You have set your glory above the heavens.
From the lips of children and infants
you have ordained praise
because of your enemies,
to silence the foe and the avenger. Psalm 8:1-2
Something—don’t we wish we knew what?—inspires David the poet so deeply about God’s love that, in the words in Psalm 8, he literally reaches for the sky, farther than he can go. But then, honestly and truly, no words will reach where the height he wants to achieve--and he knows that too.
But in his reverie, he goes for whatever he can pull out of his humanly-limited imagination, and what he comes up with isn’t bad, really: first, majestic or excellent, and then this outrageous cosmic comparison. “You who have created nothing less than the heavens,” he says, “have also created magnificence in the humblest of humans—little babies. And thus, are your enemies forever stilled by the sheer power of your almighty hand.”
Like a thousand poets before and after, David goes for the impossible; he's in love, this is a love poem, and like all love poets, he just can’t reach high enough to describe the joy that fills his soul at the thought of his love, his Lord.
One image that catches at least some of the intent here may well be the picture of that single Chinese protester looking up the barrel of a tank during the Tienanmen Square uprising of 1989. If you’ve ever seen that image, you’ve likely never forgotten the little man poised against tons of massive war machine. Fragility stymied all that power.
That protester was not a child, but an emblem of what David is after here, the idea that God Almighty, creator and sustainer of the universe, shows his powers in the most outrageously tiny things and thereby, impossible at it seems, shuts up the avenger—the Devil.

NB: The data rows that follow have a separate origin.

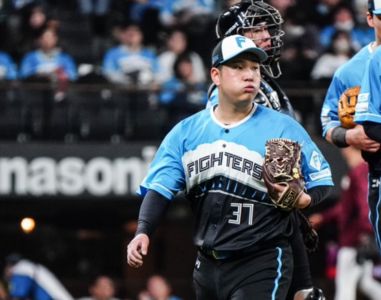 古林睿煬首秀吞敗！　失7分原因曝：「那個男人」現場穿37號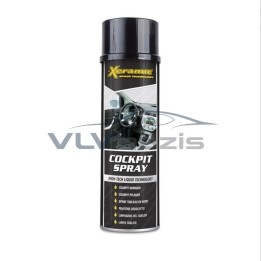 Volvo alkatrészek, Xeramic 20308 műszarfal ápoló spray
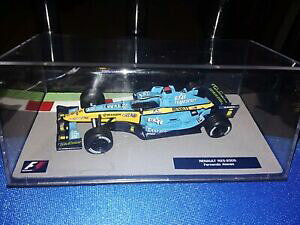 yzzr[@͌^ԁ@ԁ@[VOJ[ m[tFihA\renault r25 fernando alonso 2005 escala 143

And there’s this, too, of course. There’s Bethlehem. A manger. Straw for bedding. Cows for a hospital staff. A No Vacancy light flashes through the only window in the barn. Meekness in majesty--there’s that divine, unforgettable picture too.
What David is saying is simply what cannot be humanly understood or communicated. Not by him, nor by any poet, nor by the long list of commentators who’ve tried to explicate—not me, not Matthew Henry or Charles Spurgeon or John Calvin.
No matter. We all keep on trying to fine tune our understanding and pipe our love songs. Me too. Because there’s so much joy that we can’t not sing, I guess. Even when we don’t rise to the occasion, we sing because, I suppose, that’s what we’re created to do.
Outrageous, isn’t it?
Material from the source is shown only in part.